2015 will see bigger fines for minimum wage cheats
Employers failing to recognise the national minimum wage will find 2015 a tough year to escape without serious fines, according to a payroll expert for one of the North West region’s leading accountancy companies.Lisa Kennery, payroll manager of Blackburn-based business advisory and accountancy group Pierce, is urging the region’s employers to pay more than lip service to the government’s National Minimum Wage rates and suggests that the naming and shaming of employers in 2014 is just the tip of the iceberg as the Department for Business, Innovation and Skills ramps up its efforts to punish offenders; a process that has already seen dozens of companies named and fined heavily for breaching employment law by paying workers less than the minimum wage.
Kennery, a regular blogger on payroll and pensions matters, claims that unscrupulous employers will have nowhere to hide in 2015. She commented: “The government has already made an example of over 50 employers, who have been made to pay arrears to their employees and been on the receiving end of fines. These penalties can total up to £20,000 and in extreme cases, prosecution could follow, so it simply doesn’t make sense for any business to try to avoid paying employees the National Minimum Wage.“The Department for Business Innovation and Skills has shown its intent and 2015 promises an even greater purge as more disadvantaged employees become aware of the Pay and Work Rights Helpline, which, in effect, is a telephone hotline for whistleblowers, allowing employees to report Minimum Wage abuses in strict confidence.”

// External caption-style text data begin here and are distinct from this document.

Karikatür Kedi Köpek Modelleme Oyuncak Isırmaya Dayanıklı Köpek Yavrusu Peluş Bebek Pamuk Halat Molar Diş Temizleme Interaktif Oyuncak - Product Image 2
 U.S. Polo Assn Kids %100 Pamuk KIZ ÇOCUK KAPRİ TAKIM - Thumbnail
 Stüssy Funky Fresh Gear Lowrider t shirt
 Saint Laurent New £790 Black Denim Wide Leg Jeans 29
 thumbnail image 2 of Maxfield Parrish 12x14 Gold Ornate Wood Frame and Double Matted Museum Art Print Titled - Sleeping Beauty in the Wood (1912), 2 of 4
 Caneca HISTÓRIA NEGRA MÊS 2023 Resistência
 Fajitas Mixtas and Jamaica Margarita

The government’s Small Business, Enterprise and Employment Bill will ensure that the strict penalties in force will be applied for each case of an underpaid worker and not per employer. Business Minister, Jo Swinson, speaking last month, urged employees to report abuses of the National Minimum wage but also encouraged employers to seek advice to ensure they are aware of their obligations. She said: “All workers are entitled to the minimum wage. This isn’t a generous gesture by employers, this is the law.”Lisa Kennery has advised businesses to seek advice, either from payroll specialists or via the Government’s helpline, if they are unsure about their obligations. She added: “Of course, unscrupulous employers looking to flout the law are unlikely to seek advice but the vast majority of businesses will and those who have professional advisers will be fully aware of their responsibilities and minimum wage rates, which will increase annually in October of each year. The minority of businesses attempting to circumvent the law will find 2015 a very unforgiving year and a potentially expensive one!” From October 2014 the National Minimum Wage rates are: age 16-17, £3.79; 18-20, £5.13 and 21 and over £6.50. For apprentices under the age of 19, or in the first year of an apprenticeship, the rate is £2.73 per hour.